What should be a Cloud Storage?

For us filesystem guys, NAS is the way to go. We are used to store files into network file systems via NFS and CIFS protocols and treating the NAS storage array like a refrigerator – taking stuff out and putting stuff back it. All that is fine and well as long as the data is what I would term as corporate data.

Corporate data is generated by employees, applications and users of the company and for a long time, the power of data creation lies in the hands of the enterprise. That is why storage solutions are designed to address the needs of the enterprise where the data is structured and well defined. How the data is stored; the data is formatted; and how is being accessed are the “boundary” of how the data is being used. Typically a database is used to “restrict” the data created so that the information can be retrieved and modified quickly. And of course, SAN guys will tell you to put these structured data of the data base into their SAN.

For the unstructured data in the enterprise, NAS file systems hold that responsibility. Files such as documents and presentations have a more loosely defined “boundaries”, and hence filesystems are a better natural fit for unstructured data. Filesystems are like a free-for-all container, and able to store and provide access to any files in the enterprise.
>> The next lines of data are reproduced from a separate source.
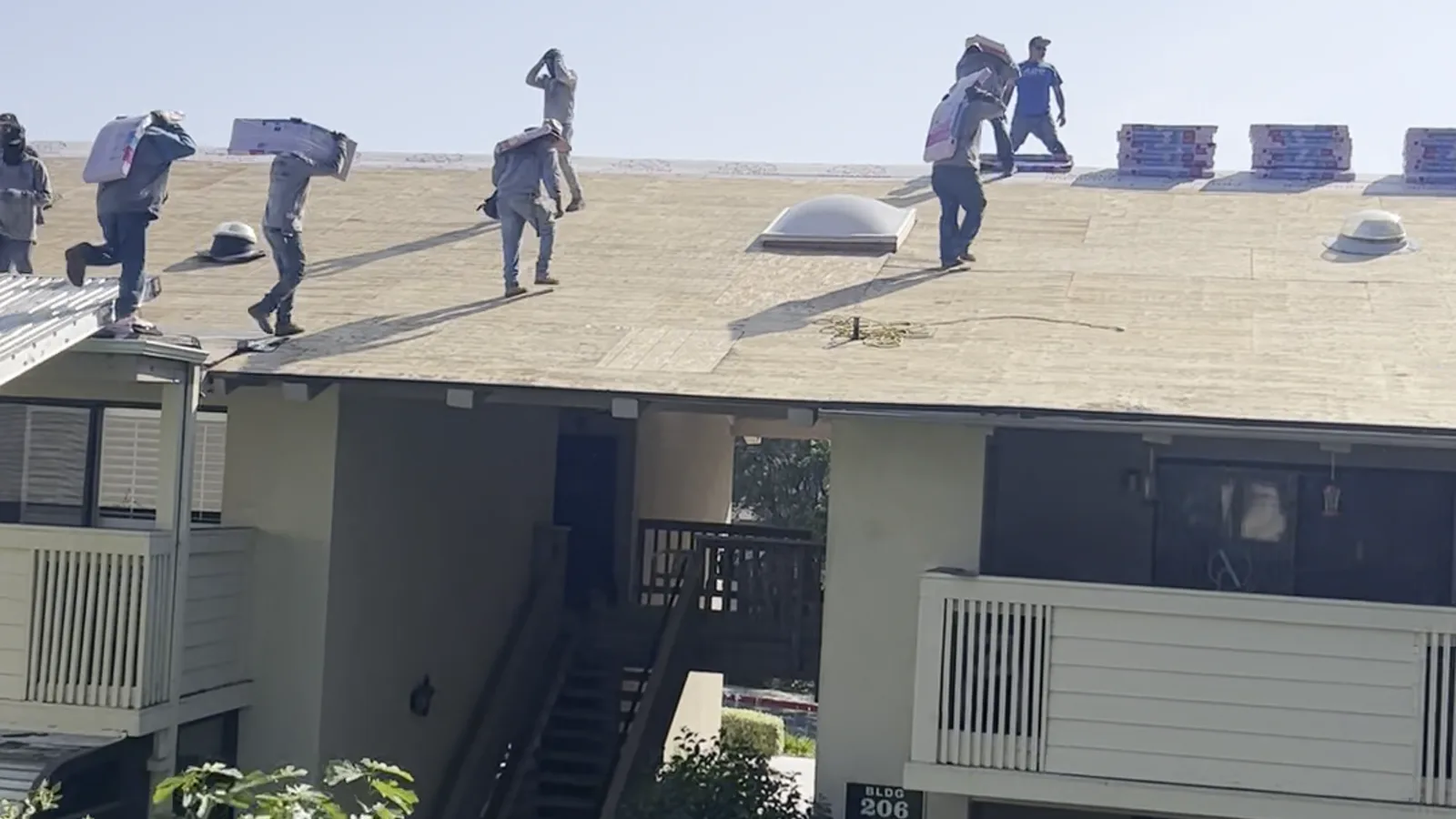 Instalador de Pacific Roofing colocando canaletas nuevas en el alero de un techo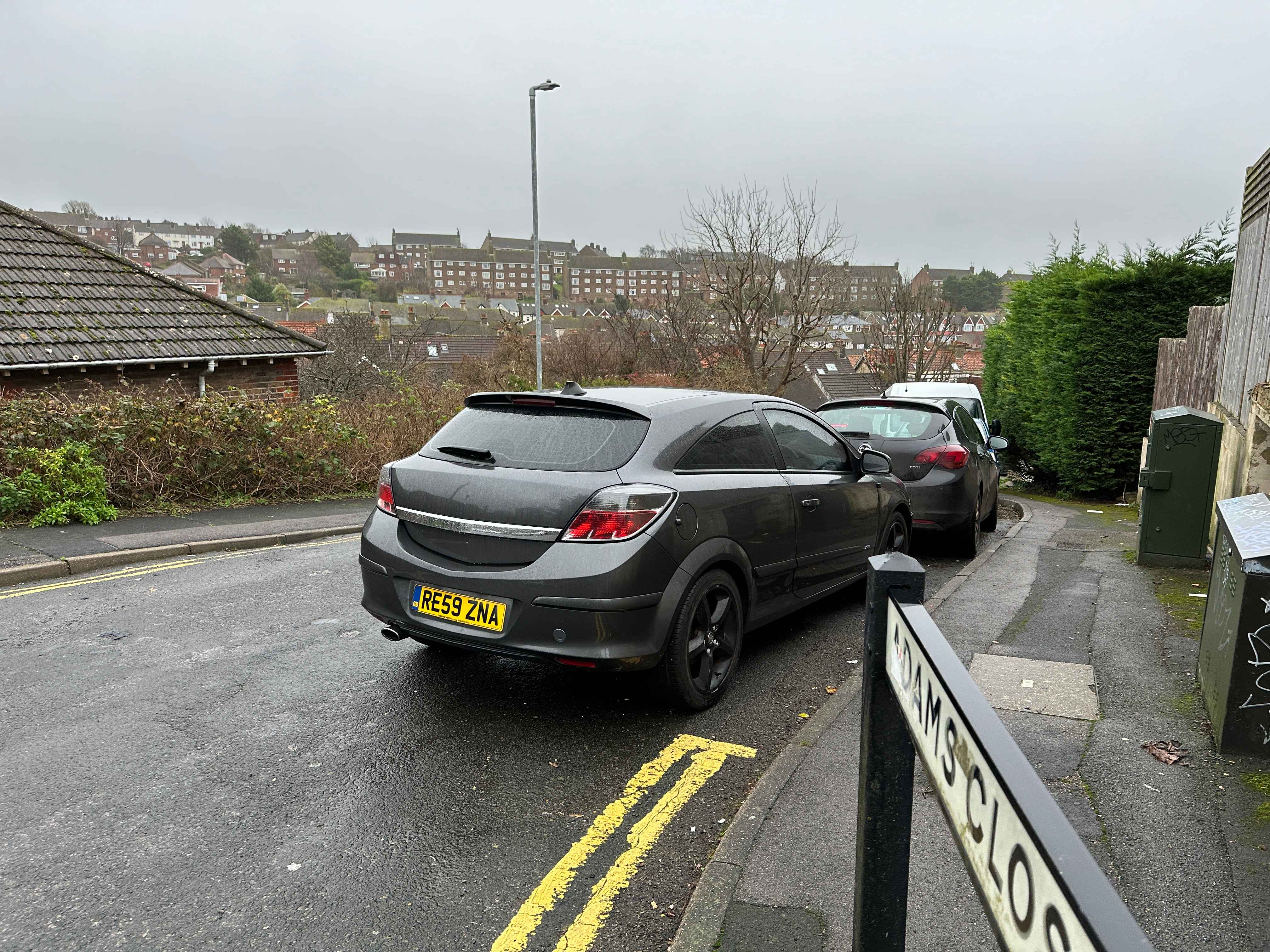 Photograph of RE59 ZNA - a Grey Vauxhall Astra parked in Hollingdean by a non-resident. The second of five photographs supplied by the residents of Hollingdean.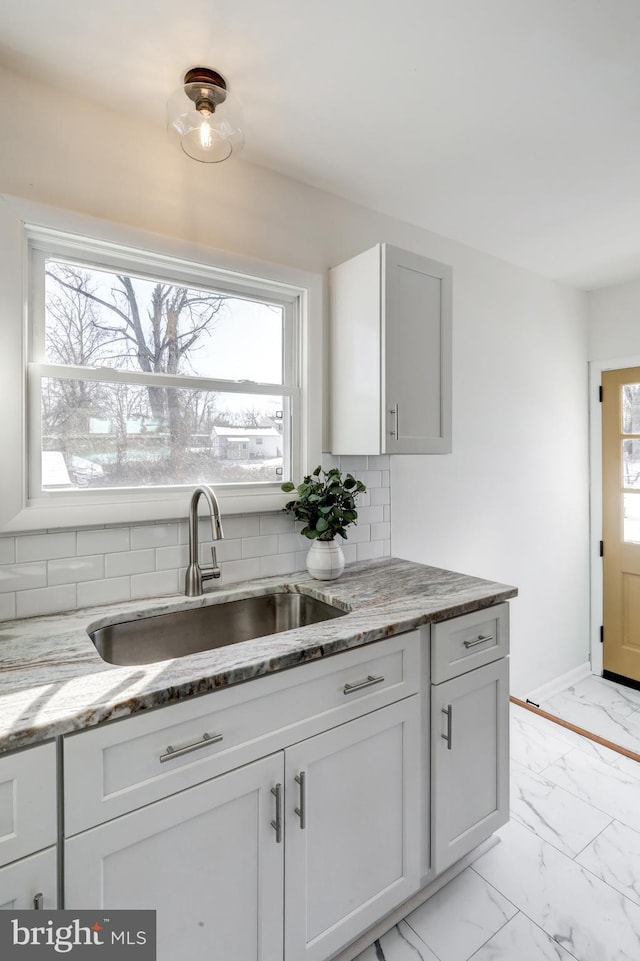 kitchen with stone countertops, tasteful backsplash, and sink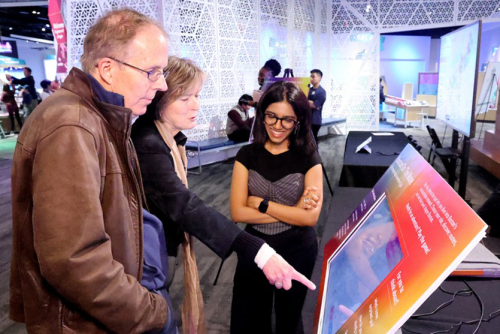 A MADE student and attendees at the Boston's Data Landscapes exhibition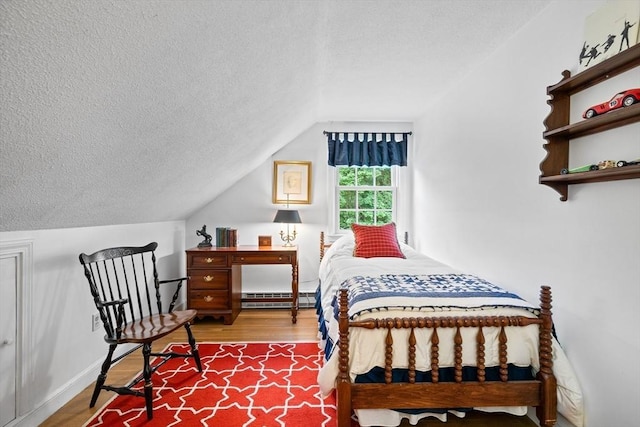 10 Granada Way, Andover, MA 01810 - bedroom featuring a baseboard heating unit, vaulted ceiling, a textured ceiling, and wood finished floors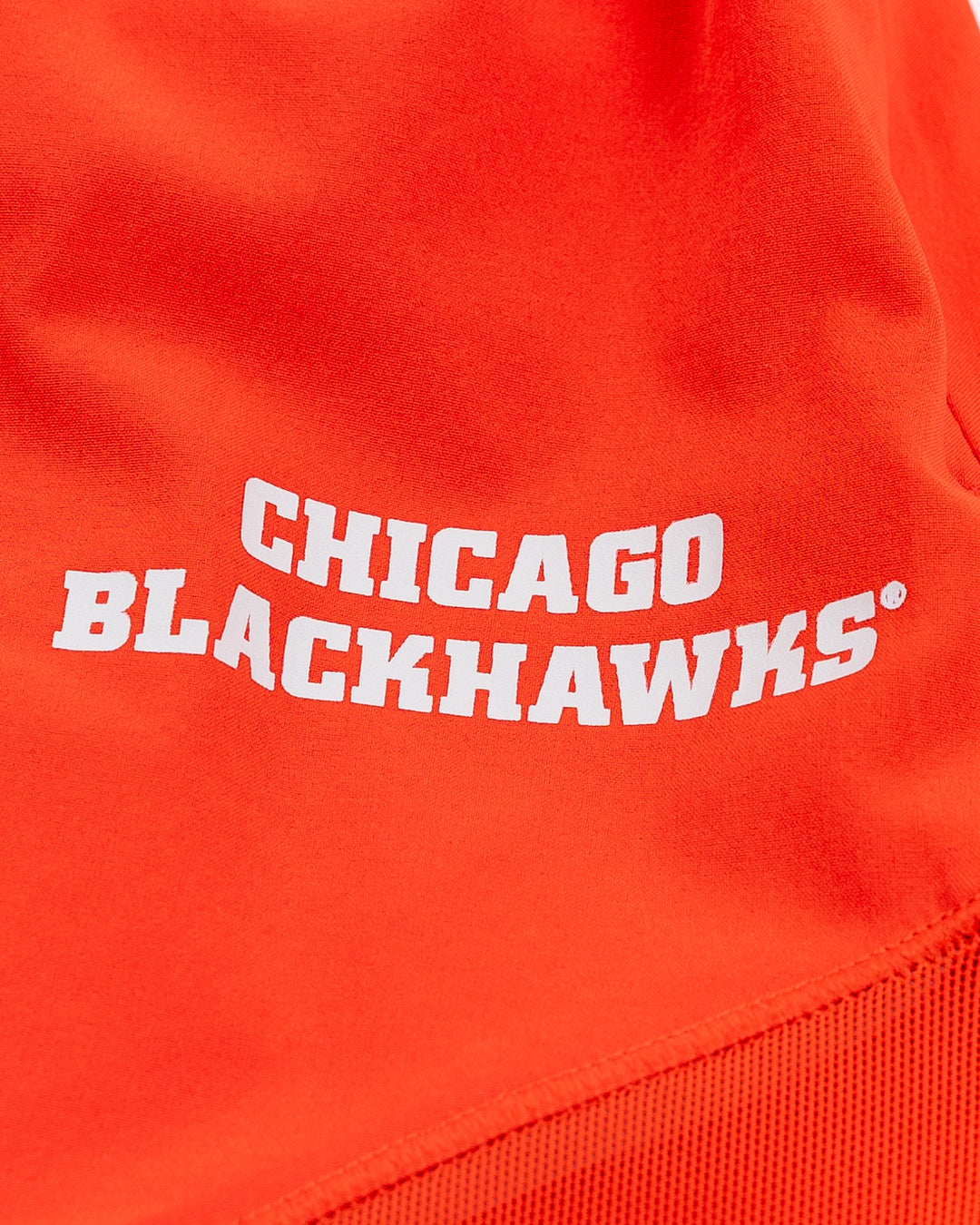 red lululemon shorts with Chicago Blackhawks wordmark on left leg - detail lay flat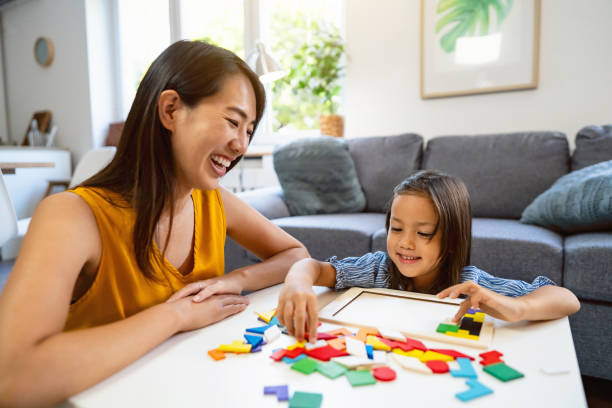 istock Mother and daughter Japanese ethnicity playing with multii-colored puzzles 1663326404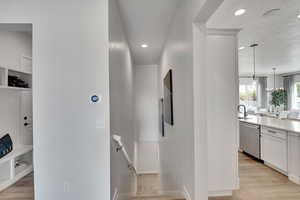 Hall with light wood finished floors, a textured ceiling, an upstairs landing, and recessed lighting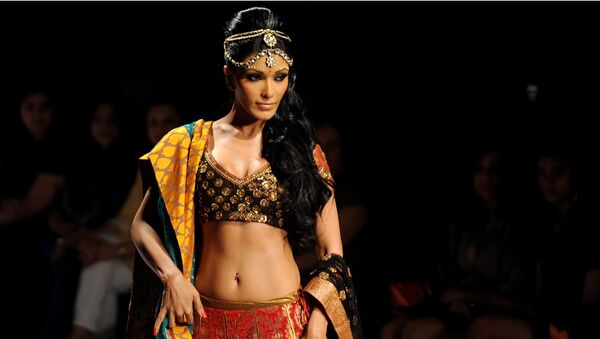Indian Bollywood Actress Koena Mitra presents a creation by Indian designer Joy Mitra during the Wills India Fashion Week Autumn-Winter 2010 in New delhi on March 26, 2010 - Sputnik International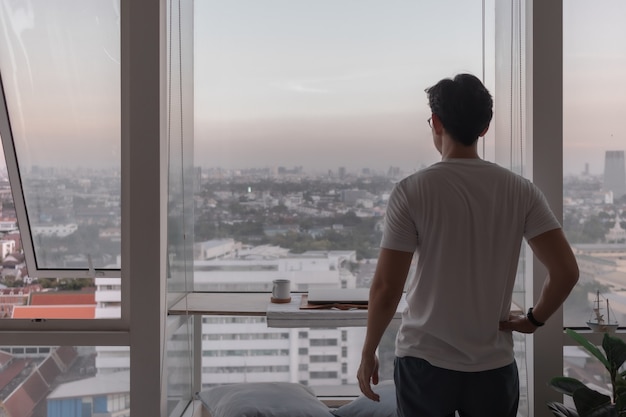 Man stand at the window of the apartment looking out to the city view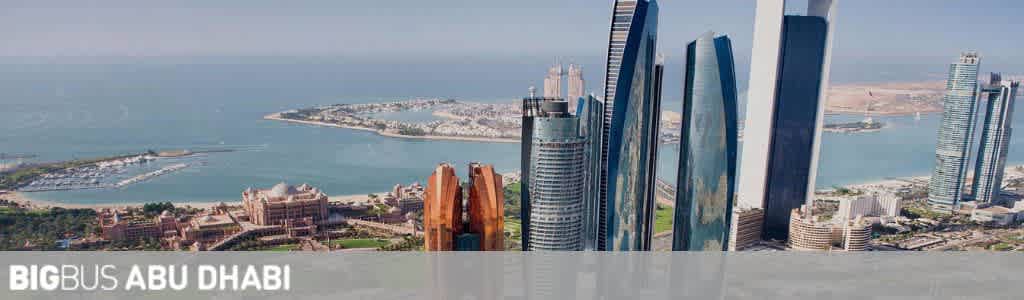 Panoramic view of Abu Dhabi skyline showcasing a blend of traditional and modern architecture. The left side features coastal and marina scenes with intricate buildings, while the right side exhibits a cluster of sleek, towering skyscrapers under a clear sky. In the foreground, the text BIGBUS ABU DHABI is overlaid.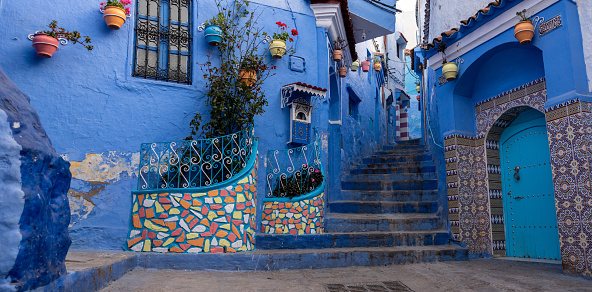 Vibrant blue colored alley in downtown Chefchaouen, Morocco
But today, as the Web 2.0 applications are already taking over the enterprise, the power of data creation does not necessary lie in the hands of the enterprise applications and users. In fact, it is estimated that the percentage of enterprise data now has exceeded 50% of the enterprise’s total data capacity. With the proliferation of personal devices such as tablets, Blackberries, smart phones, PDAs and so on, individual contributors are generating plenty of data. This situation has been made more acute with Web 2.0 applications, such as Facebook, blogs, social networking, Twitter, Google Search and so on.

Unfortunately, file systems in the NAS category still pretty much the traditional file systems, while the needs of a new type of file system could not be met by the traditional file systems. The paradigm is definitely shifting.  The new unstructured data world needs a new storage concept. I would term this type of storage as “Cloud Storage” because it breaks down the traditional concepts of NAS.

So what basically defined a Cloud Storage? I already mentioned that the type of unstructured data has changed. And the new requirements for unstructured data type  are:

  • The unstructured data type is capable of globally distributed.
  • There will be billions and billions of unstructured data objects created but each object, be it a Twitter tweet, or a uploaded mobile video, or even the clandestine data collected by CarrierIQ, can be accessed easily via a single namespace
  • The storage file system foundation for these new unstructured data type is easily provisioned and management. Look at Facebook. It is easy to setup, get going and the user (and probably the data administrator) can easily manage the user interface and the platform
  • For the service provider of Cloud Storage, the file system must be secure and support multi-tenancy and virtualization of storage resources
  • There should be some form of policy-driven content management. That is why development platforms such as Joomla!, Drupal, WordPress are slowing become enterprise driven to address these unstructured data types.
  • Highly searchable and have a high degree of search optimization. A Google search do have a strong degree of intelligence and relevance to the data being search as well as generating tons of by-product data that feeds the need to understand the consumers or the users better. Hail Big Data!

So when I compare traditional NAS storage solutions such as Netapp or EMC VNX or BlueArc, I ask the question of whether their NAS solutions has these capabilities to meet the requirements of these new unstructured data type.

Most of them, no matter how they package it, is still relying on files as the granular object of storage. And today, most files may have some form of metadata such as file name, owner, size etc, DO NOT, possess the capability of content-aware. Here’s an example when I want to show you:

 

The file properties (part of the file metadata) tell you about the file but little about the content of the file. Today, it requires more than that and the new unstructured data type should look more like this:

If you look at the diagram below, the object on the right (which is the new unstructured data type), display much more information than a typical file in a NAS file system. There additional information becomes the fodder to other applications such as search engines, RSS feeds, robots and spiders and of course, big data analytics.

Here’s another example of what I mean about these extended metadata, and a Cloud Storage storage array is required to work with these new set of parameters and a new set of requirement.

 

There’s a new unstructured data type in town. Traditional NAS systems may not have the right features to work with this new paradigm.

Don’t be white washed by the fancy talk of storage vendors in town. Learn the facts, and find out what is really a Cloud Storage.

It’s time to think differently. It’s time to think of what should be a Cloud Storage.